(Your instructions): Your copy of the lines below must match them exactly and contain no images.

(Exercise data):
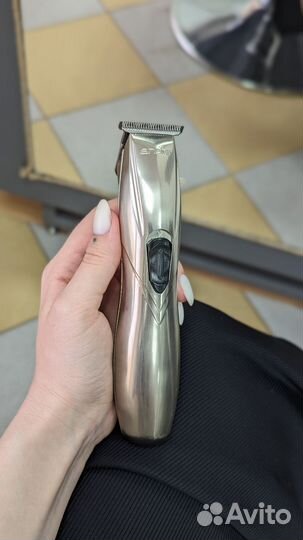 Профессиональный триммер для стрижки Andis D-8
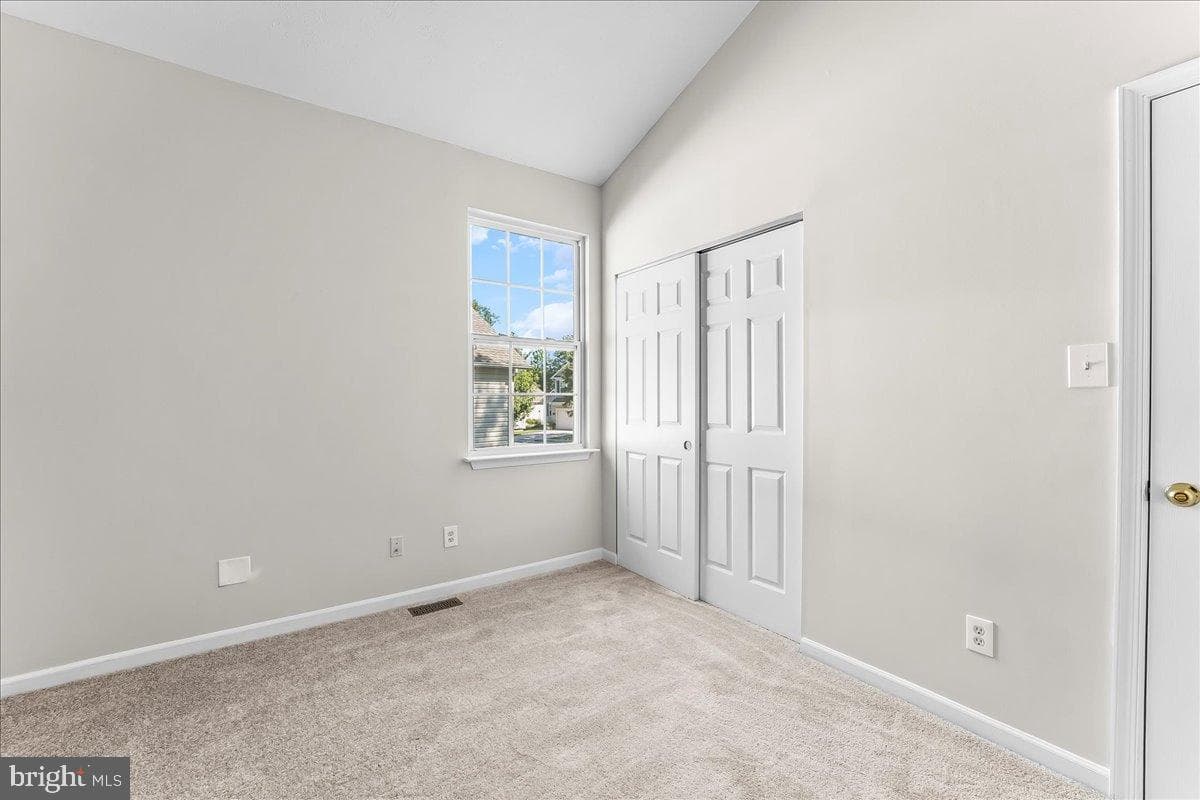 7 John Adams Lane photo 24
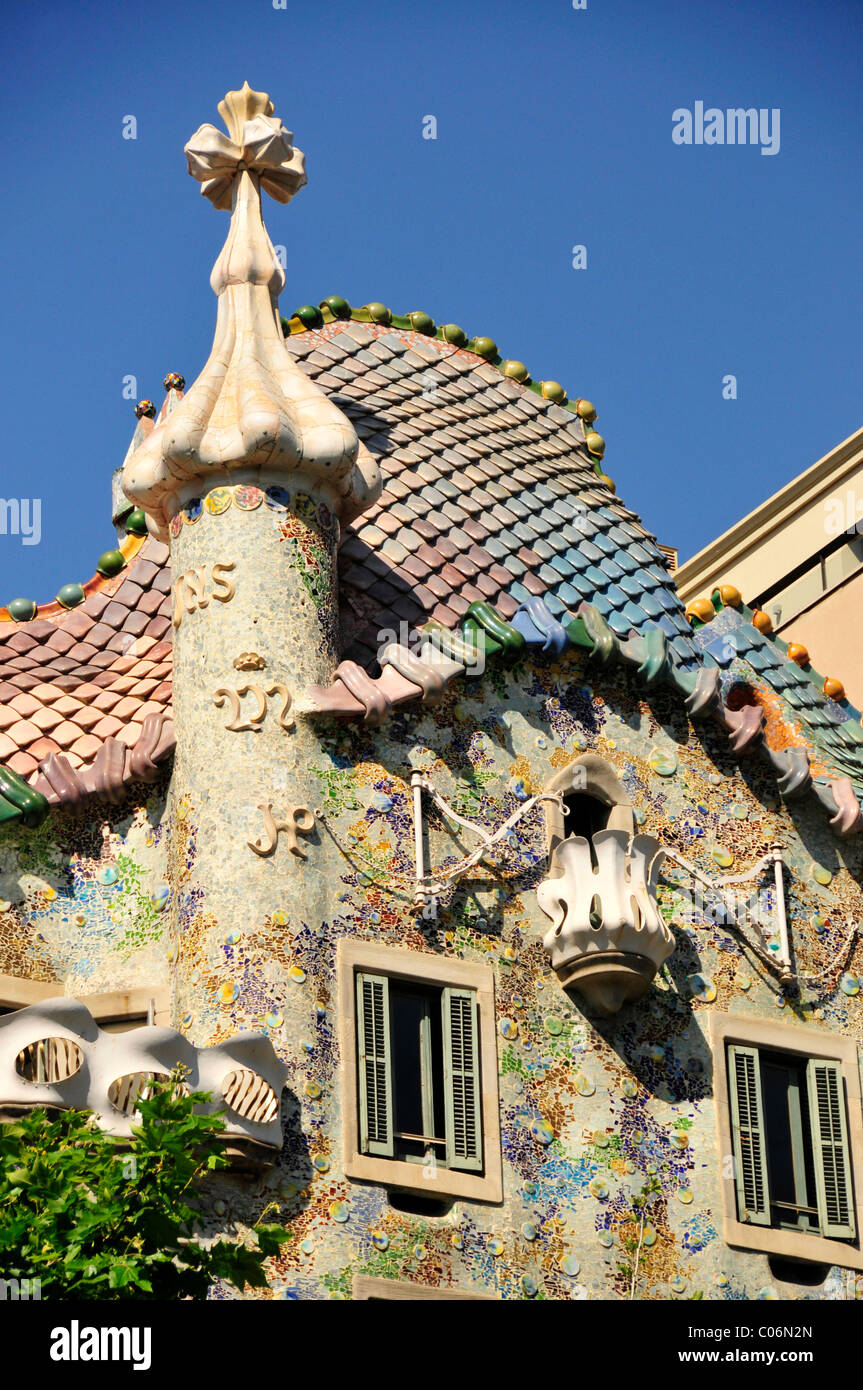 Fassade des Casa Batlló von dem berühmten spanischen Architekten Antoni Gaudí im modernistischen Stil, Barcelona, Spanien Stockfoto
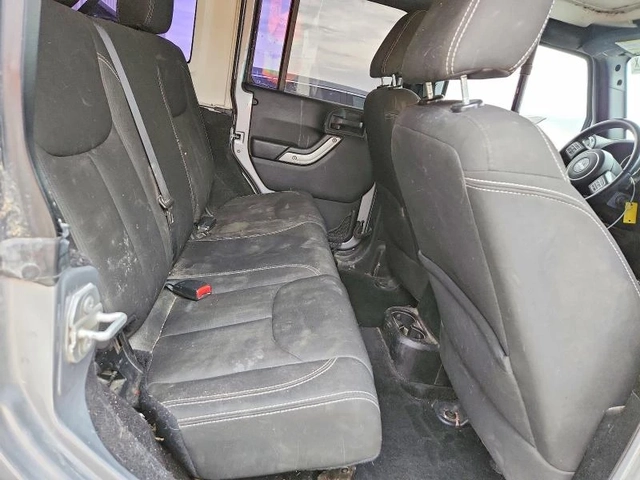 Jeep Wrangler UNLIMITED RUBICON - автомобили, коли, обяви за нови и употребявани 9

(Solution below):
 Профессиональный триммер для стрижки Andis D-8
 7 John Adams Lane photo 24
 Fassade des Casa Batlló von dem berühmten spanischen Architekten Antoni Gaudí im modernistischen Stil, Barcelona, Spanien Stockfoto
 Jeep Wrangler UNLIMITED RUBICON - автомобили, коли, обяви за нови и употребявани 9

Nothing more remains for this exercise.